Auch wenn Fragen nach Rassismus und Darstellung auf der Bühne oder „rechts Abbiegen“ immer wieder angerissen werden, konzentriert sich die Inszenierung ganz auf die historisch nicht eingeordnete Darstellung extremer Gefühlszustände. Victor IJdens spielt die zentrale Figur mit einer faszinierenden Bandbreite: Er ist anfangs durch Anpassung und Suche nach Liebe geprägt und entwickelt aus seiner Enttäuschung einen Hass, der eine unbändige Energie für Rache gebiert. Dazwischen blitzt immer wieder eine große naive, ja kindliche Offenheit auf. Doch am Anfang wie am Ende sitzt er mit leerem Blick auf einem alten Sofa und ist alleine auf weiter Bühne.

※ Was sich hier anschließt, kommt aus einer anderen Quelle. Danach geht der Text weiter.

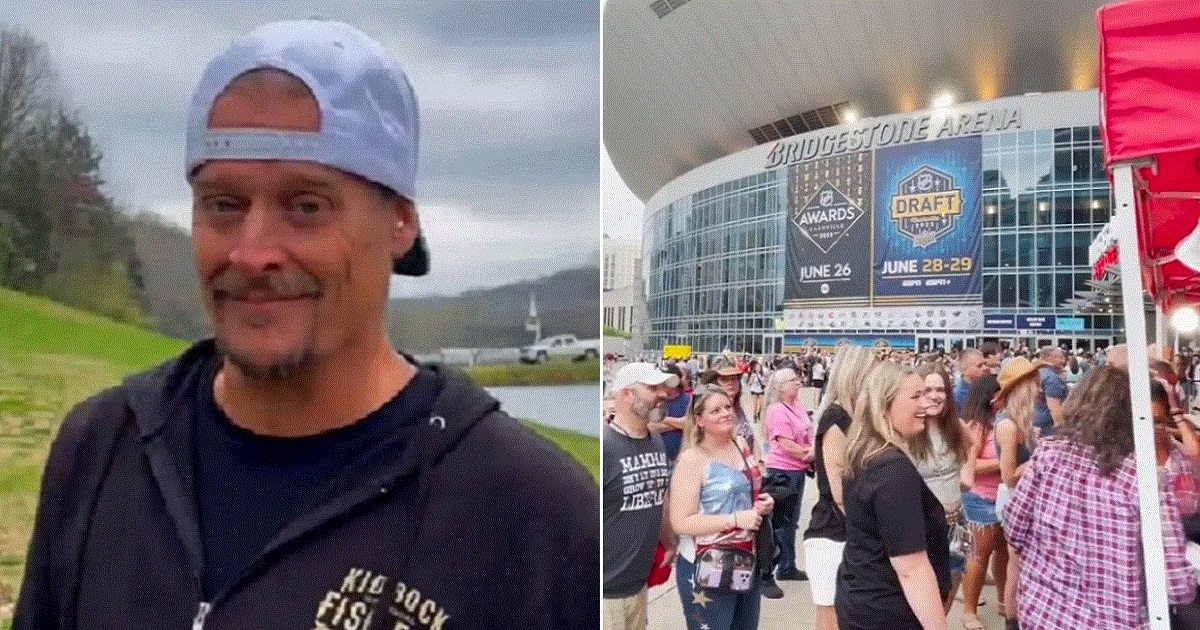 Entertainer Kid Rock, left, performed a concert in Nashville, Tennessee, on Saturday, right.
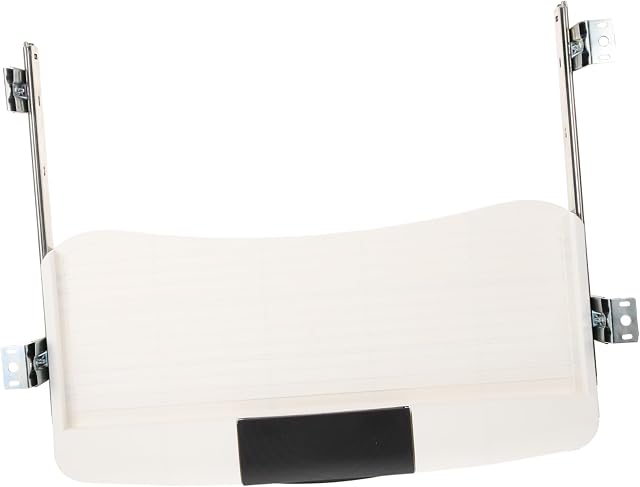 Under Desk Keyboard Tray Slide Out with Pencil Case and Rotary Mouse Platform, White Gray Keyboard Storage Plate with Smooth Sliders for Office Desk Organization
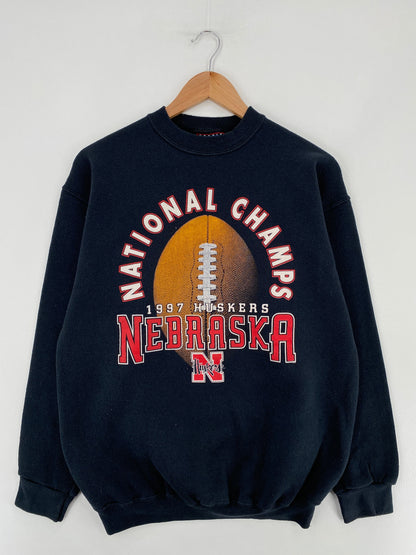 1997 UNIVERSITY OF NEBRASKA Made in USA Size M Vintage College Sweat-shirt / F2899S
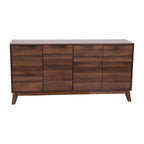 Flash Furniture Hatfield Engineered Wood TV Stand for up to 64" TVs, Media Console/TV Cabinet with Adjustable Shelf and Soft Close Doors, Dark Walnut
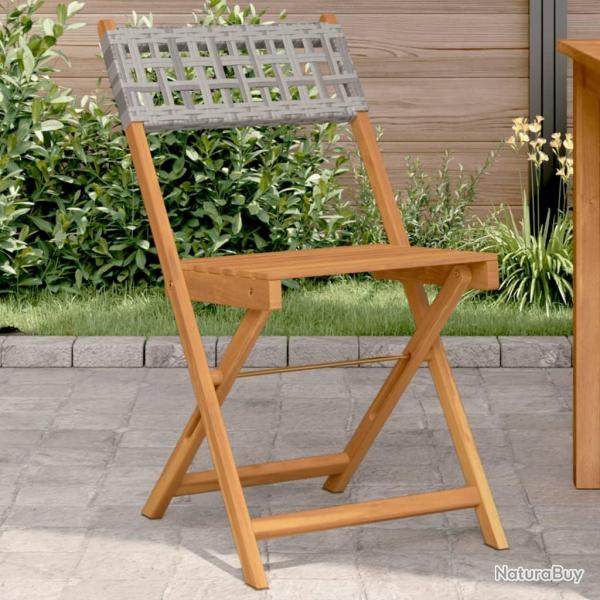 Chaises de bistrot lot de 2 gris bois massif d'acacia et rotin alsavelo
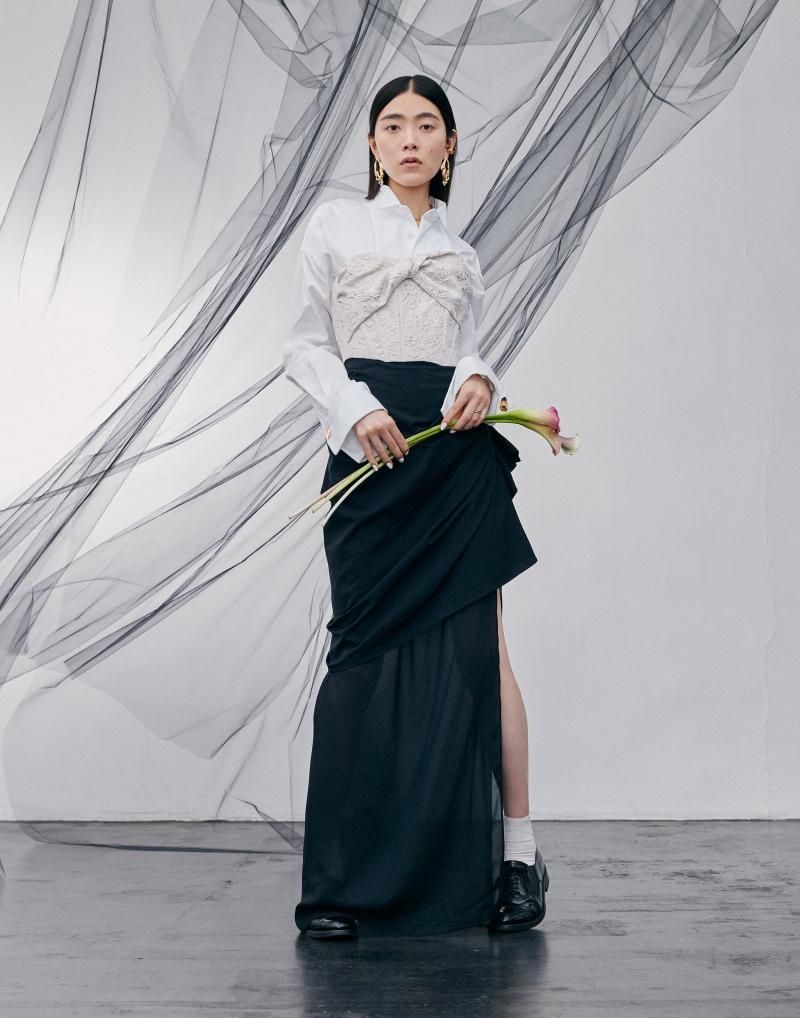 Jacquard twist bustier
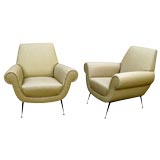 PAIR OF ITALIAN 1950'S  UPHOLSTERED ARMCHAIRS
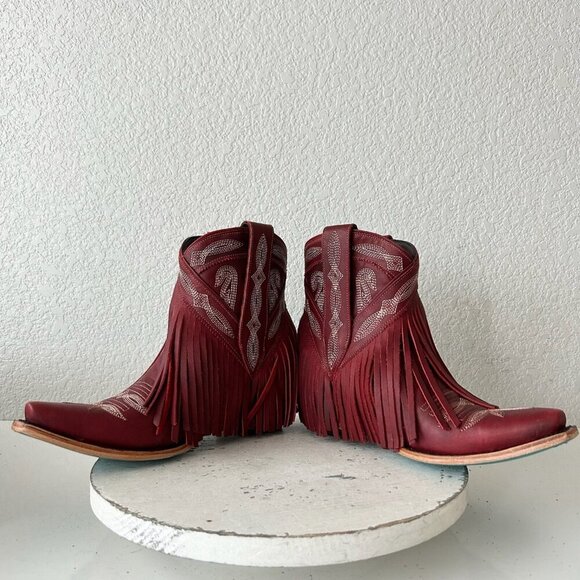 Lane SENITA FALLS Womens Cowboy Bootie 8 Red Fringe Western Short Cowgirl Boots - Picture 7 of 11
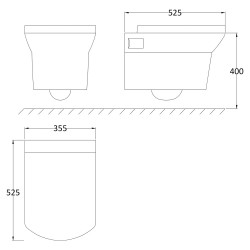 Maya Wall Hung Toilet Pan & Soft Close Seat - Technical Drawing
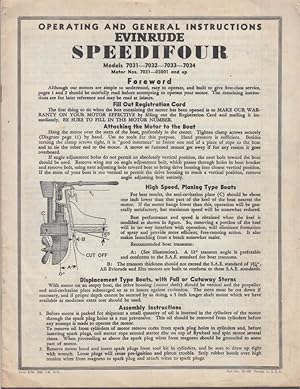 Imagen del vendedor de Evinrude Outboard Motor Speedifour 7031 7032 7033 7034 Instruction Manual 1945 a la venta por The Jumping Frog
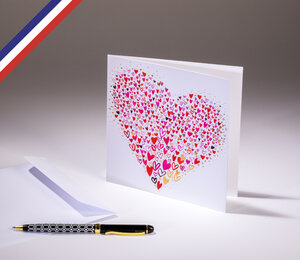 Carte double in the garden créée et imprimée en france sur papier certifié pefc - cœur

Kurze Verzerrungen blitzen nicht nur immer wieder im Ton (Video und Sound: Annalena Fröhlich) auf. Alle Gestalten finden in der Ödnis oder Schönheit der teils per Video eingespielten Schnee- oder Heidelandschaft nie ihre Mitte. Selbst der Erzähler und die teils moderierende Nelly werden zu verstörten Zeugen des Leids, das aus dem Inneren der Figuren kommt.